_Directions for this task:_
Please return the records below exactly as they stand, with the pictures removed.

_Input data:_
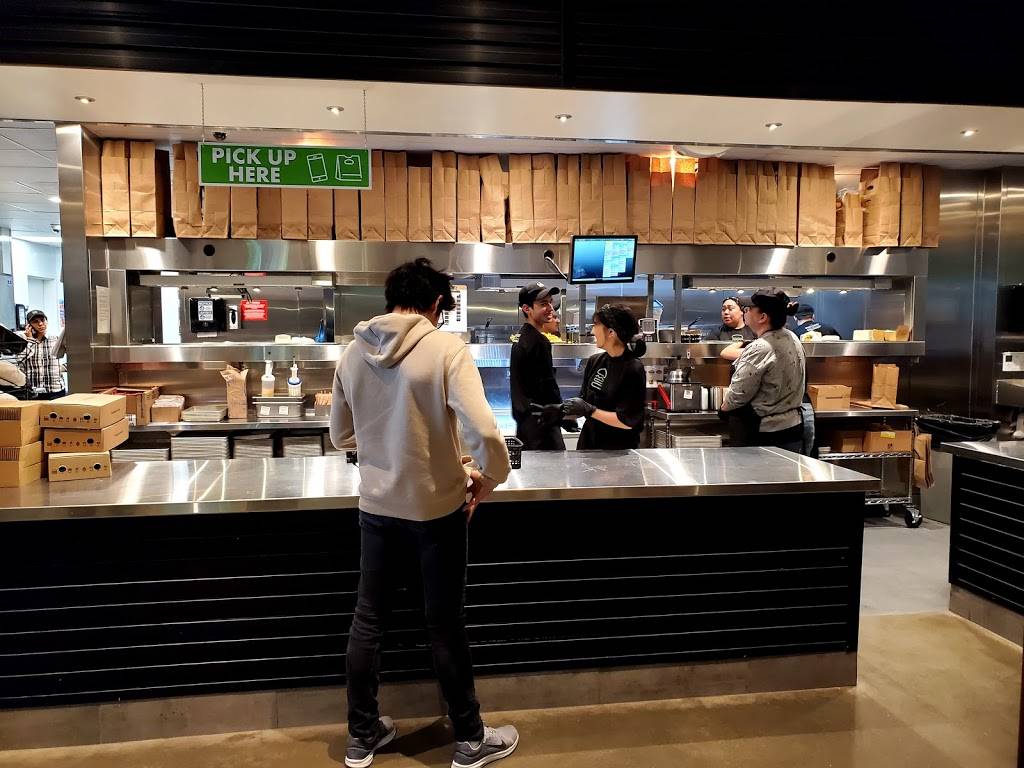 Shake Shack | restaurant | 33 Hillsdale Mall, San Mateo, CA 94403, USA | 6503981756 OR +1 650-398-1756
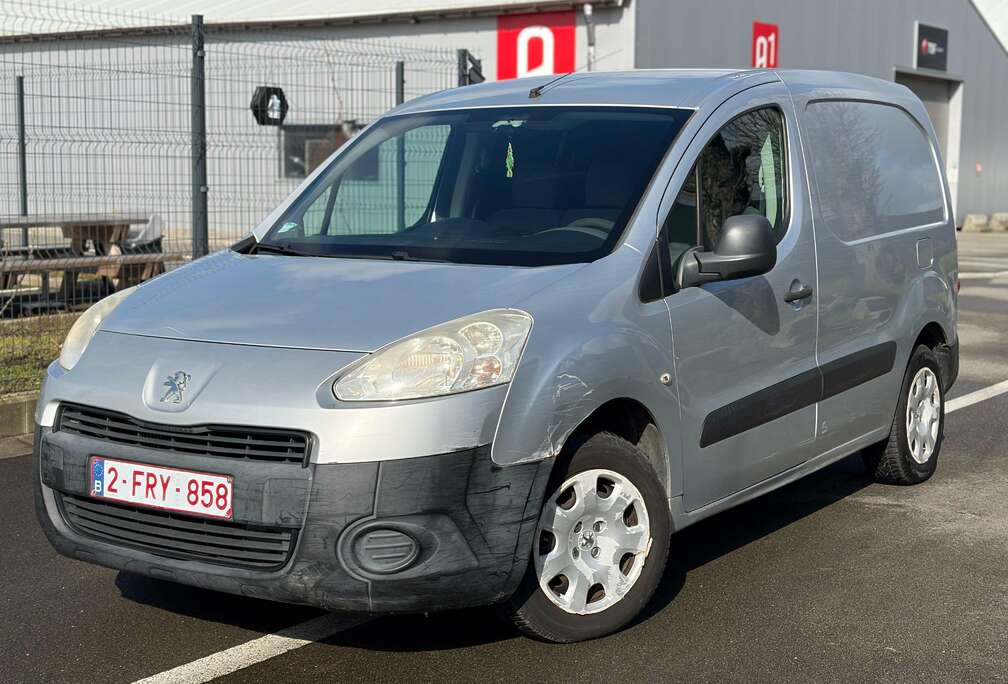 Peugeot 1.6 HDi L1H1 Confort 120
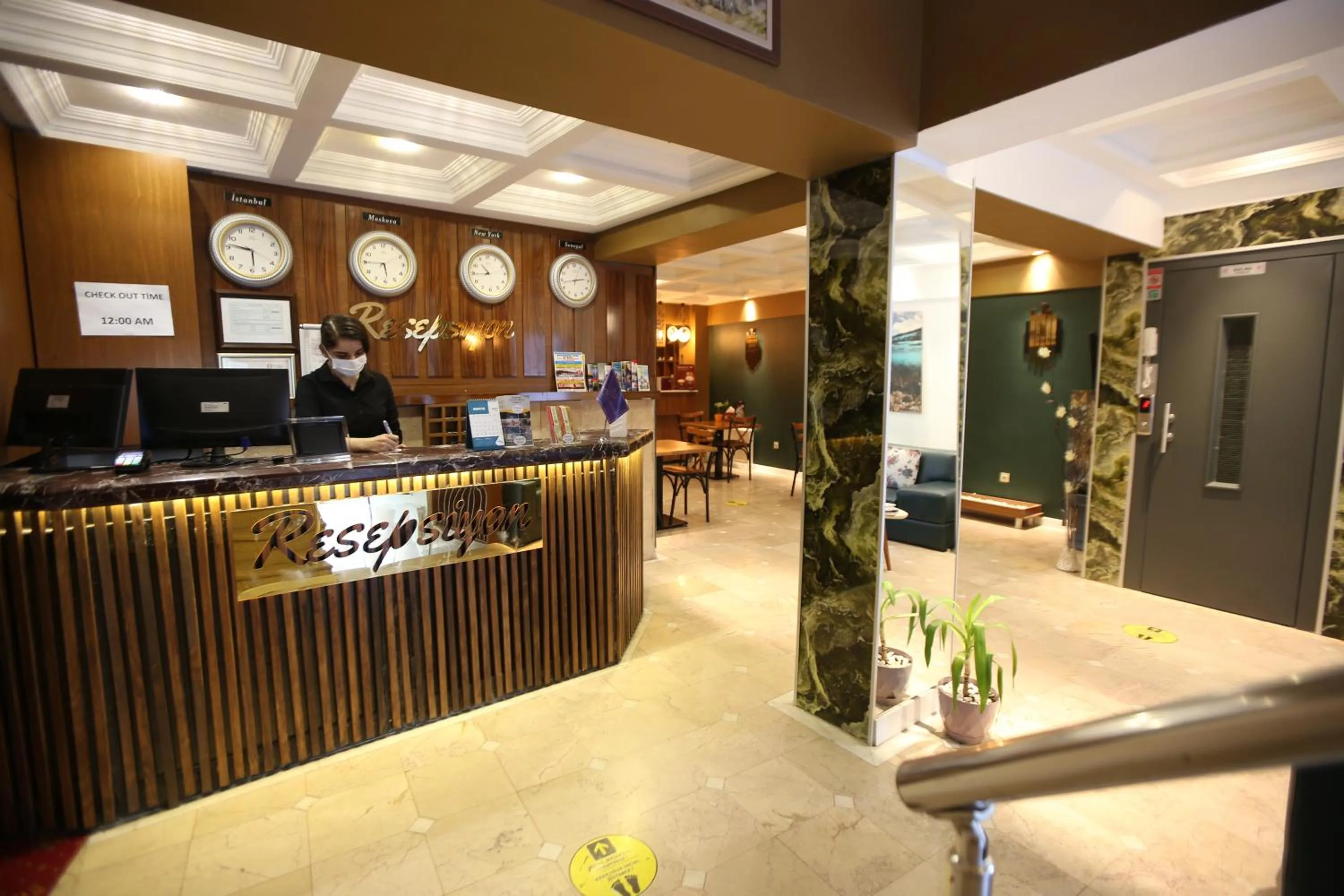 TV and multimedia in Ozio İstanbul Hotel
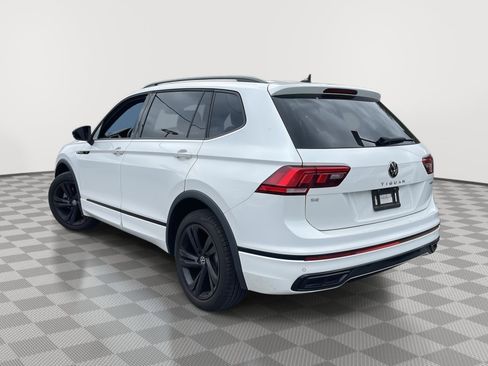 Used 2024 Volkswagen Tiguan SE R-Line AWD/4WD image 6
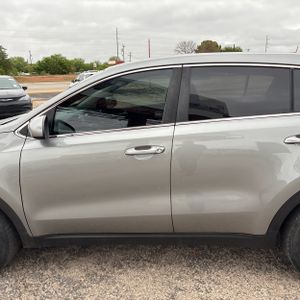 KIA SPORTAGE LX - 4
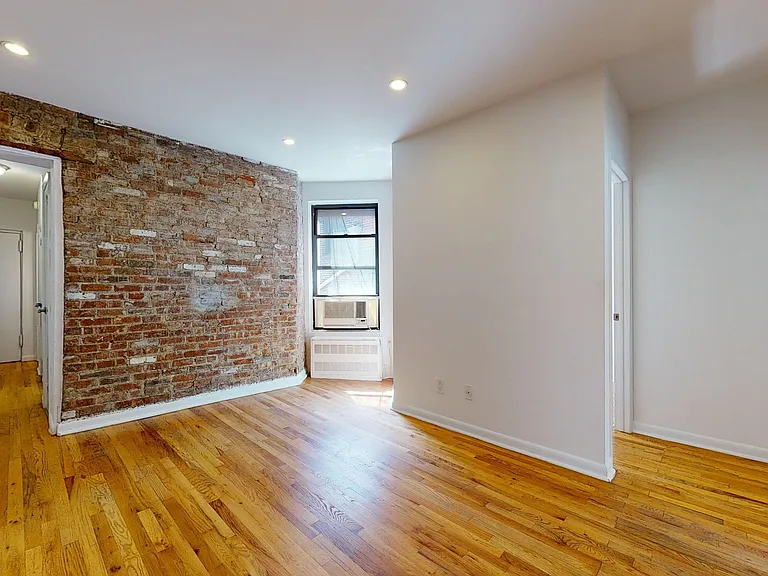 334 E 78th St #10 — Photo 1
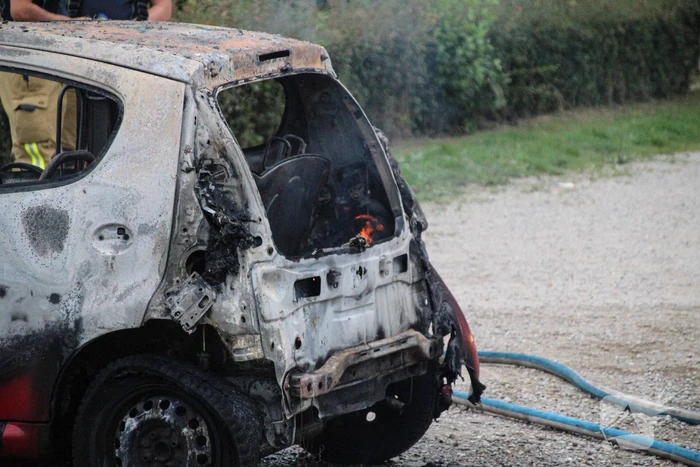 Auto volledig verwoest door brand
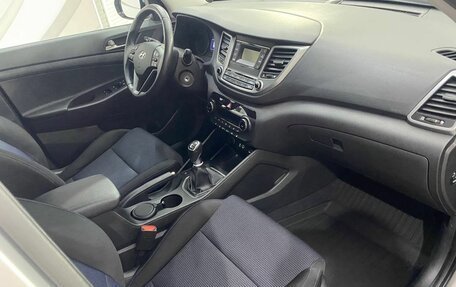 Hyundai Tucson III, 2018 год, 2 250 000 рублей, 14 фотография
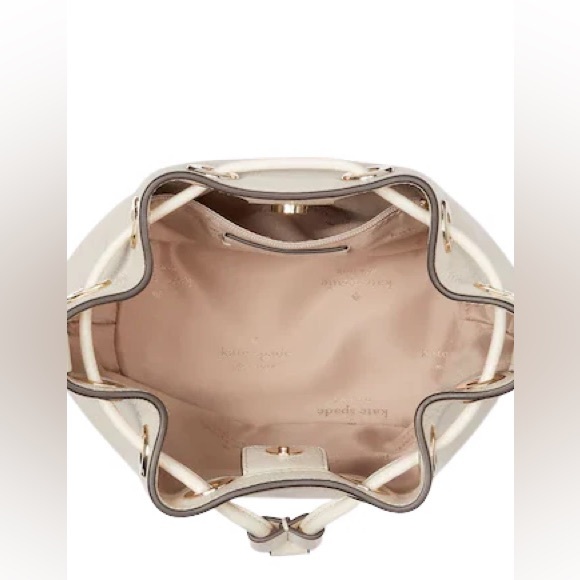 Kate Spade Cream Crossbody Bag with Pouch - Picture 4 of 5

_Exercise output:_
 Shake Shack | restaurant | 33 Hillsdale Mall, San Mateo, CA 94403, USA | 6503981756 OR +1 650-398-1756
 Peugeot 1.6 HDi L1H1 Confort 120
 TV and multimedia in Ozio İstanbul Hotel
 Used 2024 Volkswagen Tiguan SE R-Line AWD/4WD image 6
 KIA SPORTAGE LX - 4
 334 E 78th St #10 — Photo 1
 Auto volledig verwoest door brand
 Hyundai Tucson III, 2018 год, 2 250 000 рублей, 14 фотография
 Kate Spade Cream Crossbody Bag with Pouch - Picture 4 of 5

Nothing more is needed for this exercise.